Now that most businesses appreciate the gravity of the issue, the next task for lawyers is convincing their clients of the valuable role attorneys can play in addressing it.

Many of the most commonly recommended steps for protecting against a breach — such as installing the right software, hiring the appropriate information technology officials, and setting up a data governance committee — may not appear to be legal in nature.

But Larose said cybersecurity also is a “compliance exercise” and that a company should have lawyers quarterbacking their efforts to make sure they don’t ran afoul of regulations that differ from agency to agency and state to state.

“We’re more involved with, ‘Does everything you do meet the requirements of the various laws you have to comply with?’” she said. “The technology consultant isn’t going to be able to tell you that you are now in compliance with Massachusetts law. That’s really where we come in … to make sure you have the right pieces in place, so that when you do have a breach and you have to report/notify, you know what you’re supposed to take care of and can do it.”

Barr said there is also a very practical reason to let one’s lawyers lead the charge, particularly in the event of a successful breach that could result in litigation: being able to put the attorney-client privilege around the entire process.

“We actually manage the data breach. We manage the outside service providers. We review the reports. We report to the client. We draft the notices. We report to the regulators,” Larose said.

More often than not, Larose said, notice of a data breach leads to some level of questioning from regulators, if not necessarily an investigation.

“One thing I always say when I’m speaking on this or speaking with clients is that the handling of a data breach can either encourage or discourage a class action lawsuit. It all depends on how you handle it,” she said.

Specialists

Privacy and data security is a “burgeoning, explosive practice area,” according to Brenda R. Sharton, chairwoman of the field at Goodwin Procter in Boston, but not one that lends itself to generalists.

“It is a situation where you have to sprint as fast as you can just to stay in place,” said Sharton, noting the large cast of regulators and the ever-evolving nature of computer viruses and other threats.

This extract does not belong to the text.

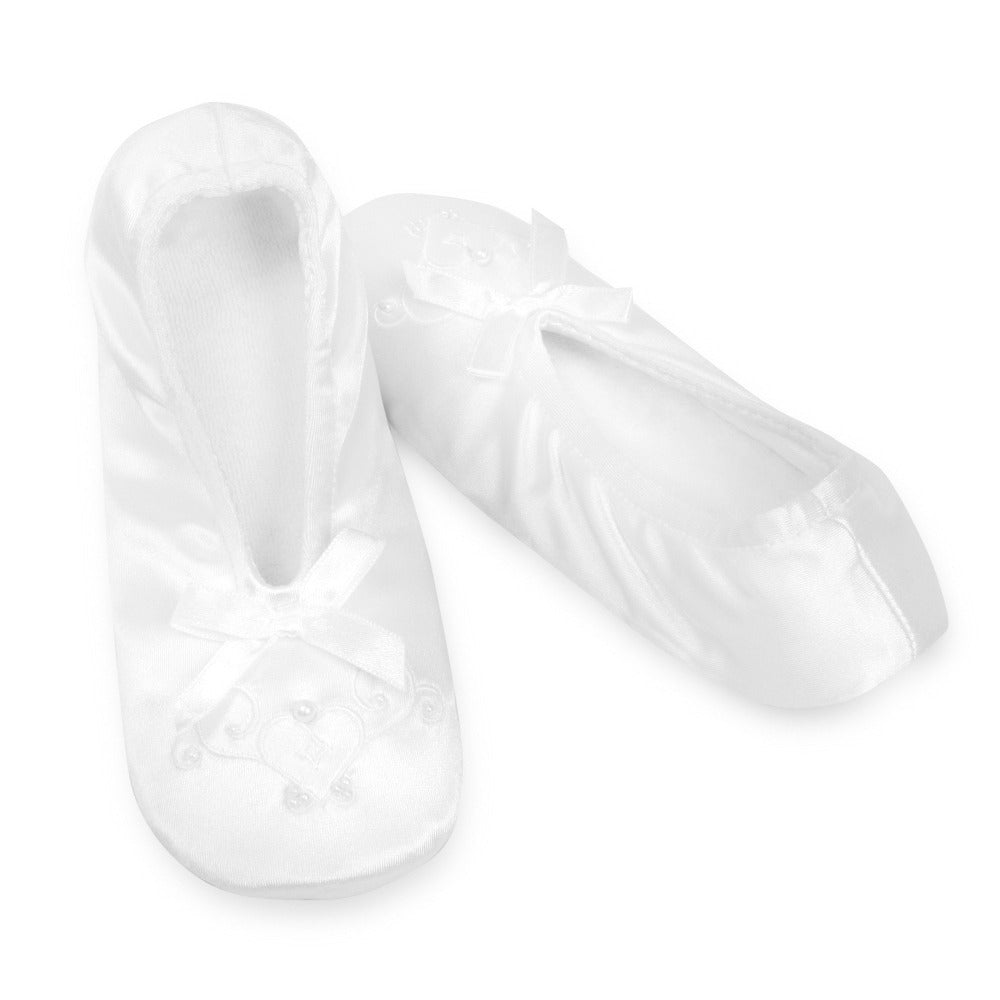 white satin slippers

It is impossible to eradicate potential liability in such an environment, Giblin said, and so lawyers working in the field have to know how to be risk managers, rather than risk eliminators.

Giblin said businesses should look for lawyers who have handled a “volume” of breaches and who have relationships with the appropriate vendors. Law firms hoping to groom or recruit talent in the practice area should look at in-house lawyers and those who work with industries, such as financial services and health care, most often targeted by hackers.

“You become more expert in determining whether they are reportable and notifiable or not,” Giblin said of breaches. “If you over-report, you’re putting your client company at risk for FTC scrutiny and possible fines for having lax data security. Nobody wants to over-report and give away free credit monitoring.”

Or an insurance company might determine there was no breach and deny coverage, she said.

“It’s really a key competency for privacy counsel to know when and how to report,” Giblin said.

Larose also noted that most companies do business across state, if not also international, boundaries.

“To be able to handle the scope and depth of the current privacy laws and to be able to manage a data breach for a client, it’s as much of a specialty field now as health law or environmental law,” she said. “I don’t think a general business lawyer would be handling an environmental issue.”